Dr. Laura J. MacDonald ’09, assistant professor of biology and director of the Hendrix STEM Scholars Program, was among eight professors featured in The Chronicle of Higher Education's recent compilation of reflections, "Professors Share: The Moment That Changed the Way I Teach" (subscription required for access). MacDonald shared the experience of discovering her own implicit bias, and how she has responded:
"One of my most important moments of realization occurred when I attended the Conference for Undergraduate Educators sponsored by the American Society for Microbiology. That’s where I attended a symposium about inclusive teaching practices, where I heard a talk by Bryan Dewsbury. Bryan’s talk got me thinking about how implicit biases might be preventing me from interacting authentically with the underrepresented and disadvantaged students I — and many others on my campus — wanted to help most. As part of his talk, he suggested that we take an implicit-bias test, which I did as soon as I got back to my hotel room. The results stunned me: They showed that I had an implicit bias against people of color. I felt ashamed because I’d never thought of myself as racist.
"Talking with Bryan later, at the symposium and in the months that followed, I realized that my implicit bias wasn’t a character flaw; it came primarily from my background. I grew up in a primarily white town and didn’t have much opportunity to interact with people from diverse backgrounds. But I also realized that this background was still shaping my behavior. I started noticing, for example, that even during a trip to the grocery store, I rarely greeted people of color.
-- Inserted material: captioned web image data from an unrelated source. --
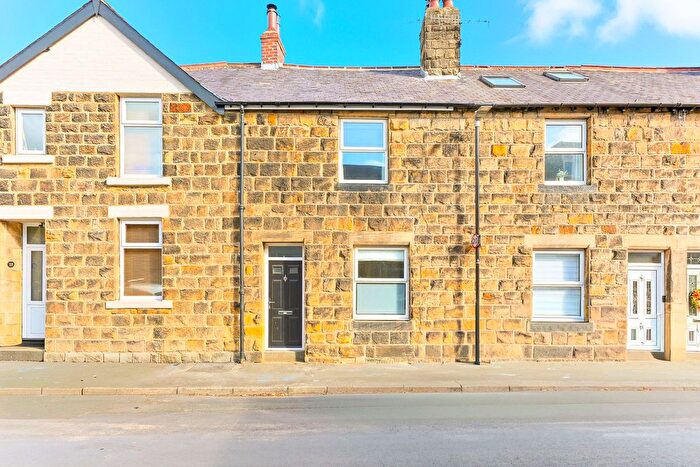 2 Bedroom Terraced House For Sale In Albion Street, Leeds, LS21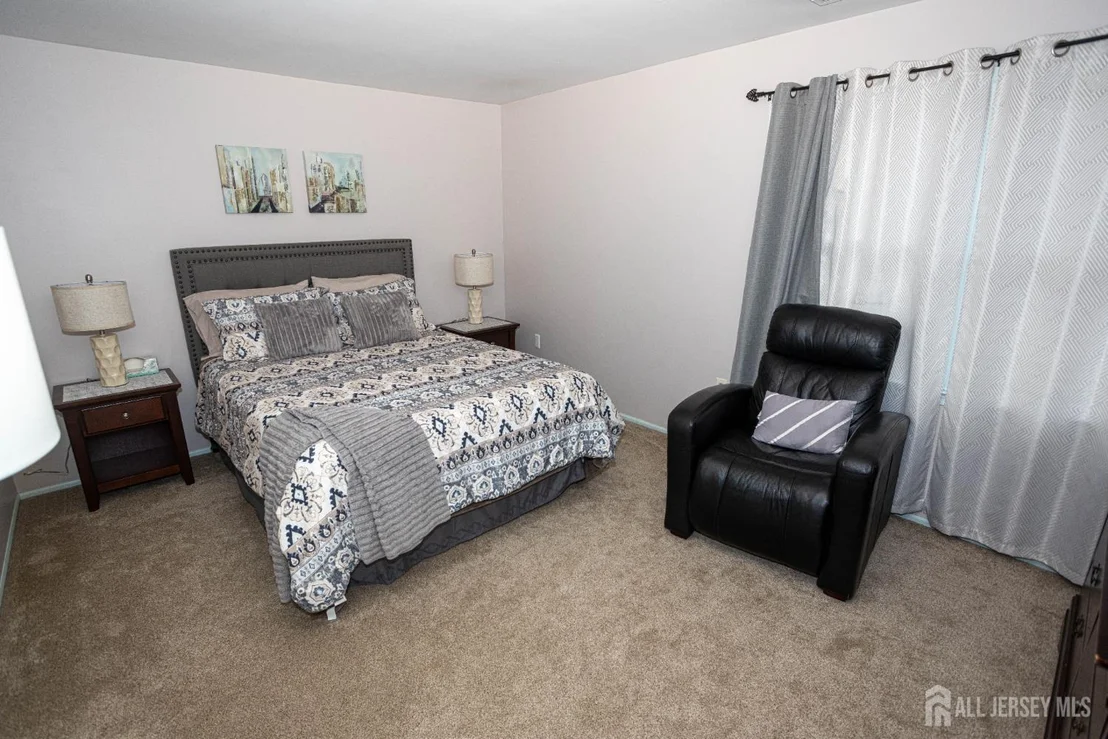 Photo of 31 Scarlet Drive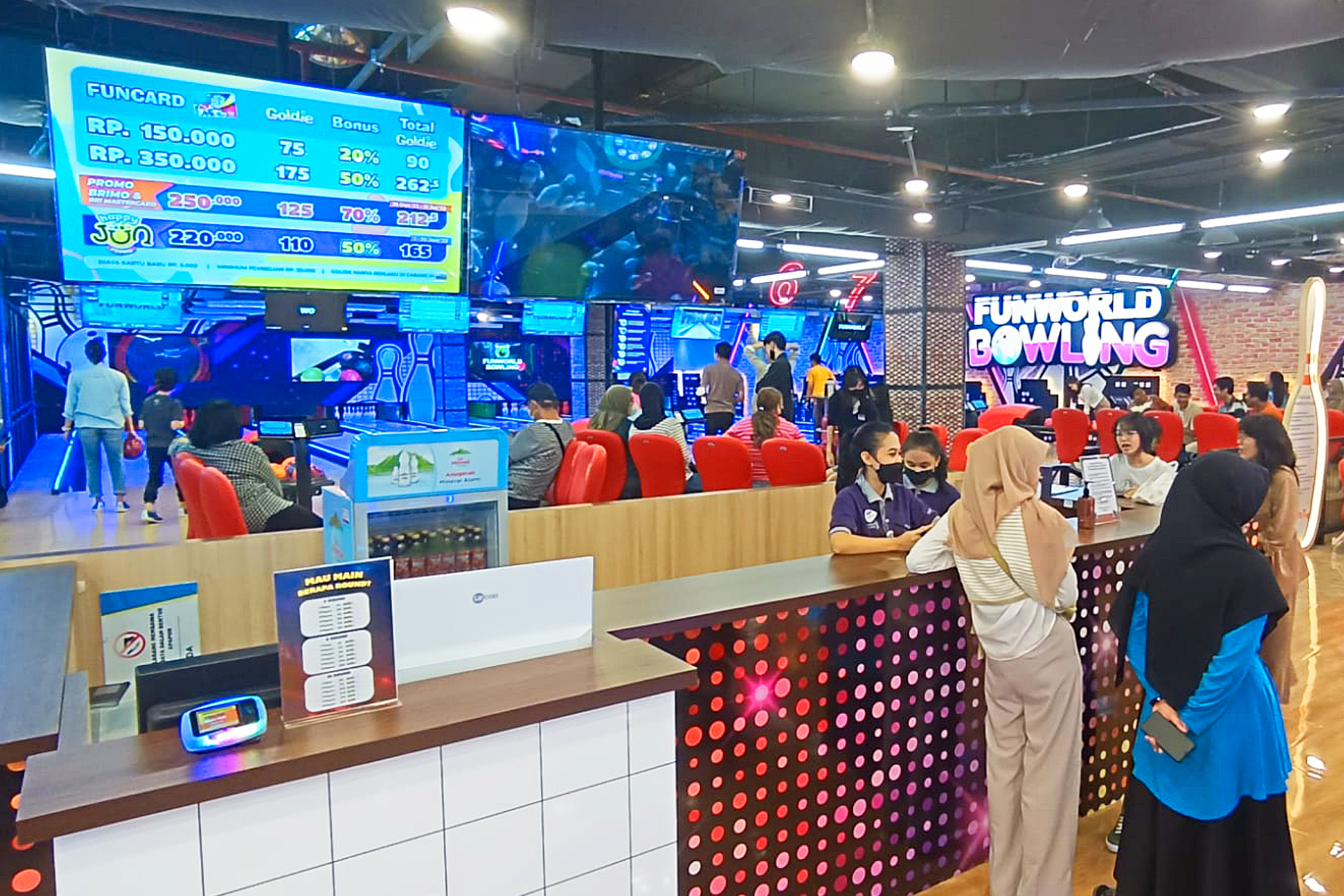 Funworld Bowling Pakuwon Solo Baru alAZLb5R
None of this was intentional, but, over time, my perspective started shifting.
"The following semester, I walked into my cell-biology course on the first day and I saw that, in a crowd of 40 students, my seven students of color were all sitting together in the back row, segregated. Since then, I have used more problem-based learning activities to help facilitate interactions between students of color and their peers, and I’ve continued to work toward developing a more inclusive space — both in my classroom and in the sciences in general."